What Is the Remote Labor Index? Why AI Agents Complete Only 2.5% of Real Freelance Work

The Benchmark That Put AI Agents to the Test

A 2.5% success rate. That’s what frontier AI agents achieved when Scale AI tested them on 240 real projects sourced from Upwork.

The Remote Labor Index — Scale AI’s benchmark for measuring AI agent performance on genuine freelance work — cuts through the usual benchmarking noise. Instead of synthetic test sets or curated academic problems, it uses actual jobs that real clients paid real humans to complete.

The result is an uncomfortable number. While top AI models routinely score 80–90% on coding benchmarks and claim near-human performance on standardized tests, they can barely handle 1 in 40 genuine freelance tasks end-to-end.

Understanding why that gap exists matters — not just for AI researchers, but for anyone building or deploying AI agents today.

What the Remote Labor Index Actually Measures

The Remote Labor Index (RLI) was developed by Scale AI to answer a simple but hard question: can AI agents do the kind of work that humans currently get paid to do?

The benchmark uses real Upwork job postings as its test environment. Scale AI pulled 240 projects spanning categories like software development, data analysis, writing, and web research. These weren’t made-up exercises — they were jobs that freelancers actually took, completed, and got paid for.

How the Tasks Were Selected

The 240 tasks cover a range of real freelance work:

Software development — Writing, debugging, and extending code for real projects
Data analysis and processing — Cleaning datasets, running analyses, producing reports
Web research — Finding, aggregating, and synthesizing information from across the web
Writing and editing — Creating content, summarizing documents, drafting communications
File and format manipulation — Tasks requiring structured output in specific formats

These aren’t cherry-picked to be either easy or hard. They represent the actual distribution of work that flows through a platform like Upwork on a given day.

How Success Is Defined

This is where the RLI differs most from typical benchmarks. Success means completing the task to a level that a client would actually accept — not getting 80% of the way there, not producing something that looks roughly correct, but actually finishing the job.

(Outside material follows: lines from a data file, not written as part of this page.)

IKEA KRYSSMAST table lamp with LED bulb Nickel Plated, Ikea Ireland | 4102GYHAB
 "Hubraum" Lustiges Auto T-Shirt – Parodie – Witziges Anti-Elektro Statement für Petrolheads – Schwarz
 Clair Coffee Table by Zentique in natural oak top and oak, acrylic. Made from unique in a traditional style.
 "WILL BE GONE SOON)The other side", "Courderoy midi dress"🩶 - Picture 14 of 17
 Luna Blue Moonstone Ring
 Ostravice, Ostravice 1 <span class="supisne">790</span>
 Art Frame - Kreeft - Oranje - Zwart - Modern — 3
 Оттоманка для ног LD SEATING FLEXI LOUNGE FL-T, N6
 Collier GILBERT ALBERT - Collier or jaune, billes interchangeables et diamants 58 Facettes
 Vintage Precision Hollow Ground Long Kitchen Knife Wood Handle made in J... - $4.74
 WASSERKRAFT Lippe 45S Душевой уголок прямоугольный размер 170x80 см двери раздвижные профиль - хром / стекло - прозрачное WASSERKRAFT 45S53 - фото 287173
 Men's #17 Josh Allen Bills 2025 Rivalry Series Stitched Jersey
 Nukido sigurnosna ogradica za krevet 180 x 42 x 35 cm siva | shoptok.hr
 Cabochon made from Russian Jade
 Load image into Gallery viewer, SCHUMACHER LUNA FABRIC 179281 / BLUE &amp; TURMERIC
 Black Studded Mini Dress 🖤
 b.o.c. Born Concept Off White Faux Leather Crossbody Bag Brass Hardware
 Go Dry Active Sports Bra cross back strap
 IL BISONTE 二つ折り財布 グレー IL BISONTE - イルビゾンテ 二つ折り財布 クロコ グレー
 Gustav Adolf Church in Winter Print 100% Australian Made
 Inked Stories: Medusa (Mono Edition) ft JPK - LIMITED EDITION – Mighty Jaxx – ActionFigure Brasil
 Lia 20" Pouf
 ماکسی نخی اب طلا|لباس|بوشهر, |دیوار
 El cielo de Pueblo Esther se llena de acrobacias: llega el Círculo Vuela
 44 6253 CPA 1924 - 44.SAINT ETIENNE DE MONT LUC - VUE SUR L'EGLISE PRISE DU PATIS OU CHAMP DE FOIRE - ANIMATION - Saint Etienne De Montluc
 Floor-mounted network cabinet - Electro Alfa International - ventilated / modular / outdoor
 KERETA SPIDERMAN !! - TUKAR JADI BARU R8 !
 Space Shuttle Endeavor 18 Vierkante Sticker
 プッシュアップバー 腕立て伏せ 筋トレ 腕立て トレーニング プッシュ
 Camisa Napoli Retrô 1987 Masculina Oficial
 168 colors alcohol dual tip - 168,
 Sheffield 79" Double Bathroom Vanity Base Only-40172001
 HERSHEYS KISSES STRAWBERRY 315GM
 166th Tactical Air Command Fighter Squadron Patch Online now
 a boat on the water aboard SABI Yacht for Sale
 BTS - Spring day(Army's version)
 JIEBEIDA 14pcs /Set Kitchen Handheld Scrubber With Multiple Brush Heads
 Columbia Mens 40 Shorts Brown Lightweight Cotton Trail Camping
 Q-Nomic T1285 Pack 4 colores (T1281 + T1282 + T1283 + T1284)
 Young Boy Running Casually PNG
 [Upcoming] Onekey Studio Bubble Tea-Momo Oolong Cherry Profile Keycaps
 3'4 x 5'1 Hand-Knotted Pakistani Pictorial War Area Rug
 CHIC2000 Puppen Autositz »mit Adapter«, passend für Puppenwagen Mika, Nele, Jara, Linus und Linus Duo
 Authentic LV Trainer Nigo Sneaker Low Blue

Evaluation uses reference outputs from human freelancers as gold standards. Automated scoring checks whether the agent’s output matches the expected deliverable in meaningful ways. Partial credit isn’t the point. Either the job is done or it isn’t.

That binary framing is harsh. It’s also realistic. A client hiring on Upwork doesn’t pay half the rate for half the work.

What a 2.5% Success Rate Actually Means

Let’s be precise: 2.5% means frontier AI agents — the best models available — successfully completed approximately 6 out of 240 tasks.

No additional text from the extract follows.